##### PROVIDED DATA

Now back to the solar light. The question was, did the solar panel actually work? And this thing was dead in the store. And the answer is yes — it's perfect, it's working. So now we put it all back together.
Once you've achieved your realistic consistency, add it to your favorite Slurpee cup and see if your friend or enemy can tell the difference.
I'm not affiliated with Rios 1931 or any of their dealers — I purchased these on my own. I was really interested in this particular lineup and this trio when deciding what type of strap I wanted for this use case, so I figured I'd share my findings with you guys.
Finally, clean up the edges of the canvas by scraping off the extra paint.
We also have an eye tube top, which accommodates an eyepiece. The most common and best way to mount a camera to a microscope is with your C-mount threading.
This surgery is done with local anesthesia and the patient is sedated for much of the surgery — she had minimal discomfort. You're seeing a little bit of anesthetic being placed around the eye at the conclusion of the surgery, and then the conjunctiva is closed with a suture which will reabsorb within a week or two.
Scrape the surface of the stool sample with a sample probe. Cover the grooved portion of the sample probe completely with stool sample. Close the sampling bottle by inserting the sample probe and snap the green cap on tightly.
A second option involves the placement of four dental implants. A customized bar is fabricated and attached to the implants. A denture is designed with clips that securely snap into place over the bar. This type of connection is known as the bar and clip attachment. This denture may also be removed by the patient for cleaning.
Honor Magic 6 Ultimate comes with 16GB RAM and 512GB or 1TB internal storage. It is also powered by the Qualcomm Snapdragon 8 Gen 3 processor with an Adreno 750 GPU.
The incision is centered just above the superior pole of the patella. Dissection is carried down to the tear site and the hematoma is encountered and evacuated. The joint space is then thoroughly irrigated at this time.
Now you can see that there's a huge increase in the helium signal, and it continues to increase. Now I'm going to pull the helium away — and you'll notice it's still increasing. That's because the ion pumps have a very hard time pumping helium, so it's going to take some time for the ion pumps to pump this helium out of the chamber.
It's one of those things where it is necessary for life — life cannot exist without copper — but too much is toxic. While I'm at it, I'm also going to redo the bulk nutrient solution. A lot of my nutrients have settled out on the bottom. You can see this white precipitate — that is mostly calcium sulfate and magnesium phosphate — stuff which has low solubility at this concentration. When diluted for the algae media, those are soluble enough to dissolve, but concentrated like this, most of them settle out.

##########

=== ASSIGNMENT ===
Quote the data above verbatim from its first line to the line that includes "Honor Magic 6", with both boundary lines retained.

=== SOLVED PROBLEM ===
Now back to the solar light. The question was, did the solar panel actually work? And this thing was dead in the store. And the answer is yes — it's perfect, it's working. So now we put it all back together.
Once you've achieved your realistic consistency, add it to your favorite Slurpee cup and see if your friend or enemy can tell the difference.
I'm not affiliated with Rios 1931 or any of their dealers — I purchased these on my own. I was really interested in this particular lineup and this trio when deciding what type of strap I wanted for this use case, so I figured I'd share my findings with you guys.
Finally, clean up the edges of the canvas by scraping off the extra paint.
We also have an eye tube top, which accommodates an eyepiece. The most common and best way to mount a camera to a microscope is with your C-mount threading.
This surgery is done with local anesthesia and the patient is sedated for much of the surgery — she had minimal discomfort. You're seeing a little bit of anesthetic being placed around the eye at the conclusion of the surgery, and then the conjunctiva is closed with a suture which will reabsorb within a week or two.
Scrape the surface of the stool sample with a sample probe. Cover the grooved portion of the sample probe completely with stool sample. Close the sampling bottle by inserting the sample probe and snap the green cap on tightly.
A second option involves the placement of four dental implants. A customized bar is fabricated and attached to the implants. A denture is designed with clips that securely snap into place over the bar. This type of connection is known as the bar and clip attachment. This denture may also be removed by the patient for cleaning.
Honor Magic 6 Ultimate comes with 16GB RAM and 512GB or 1TB internal storage. It is also powered by the Qualcomm Snapdragon 8 Gen 3 processor with an Adreno 750 GPU.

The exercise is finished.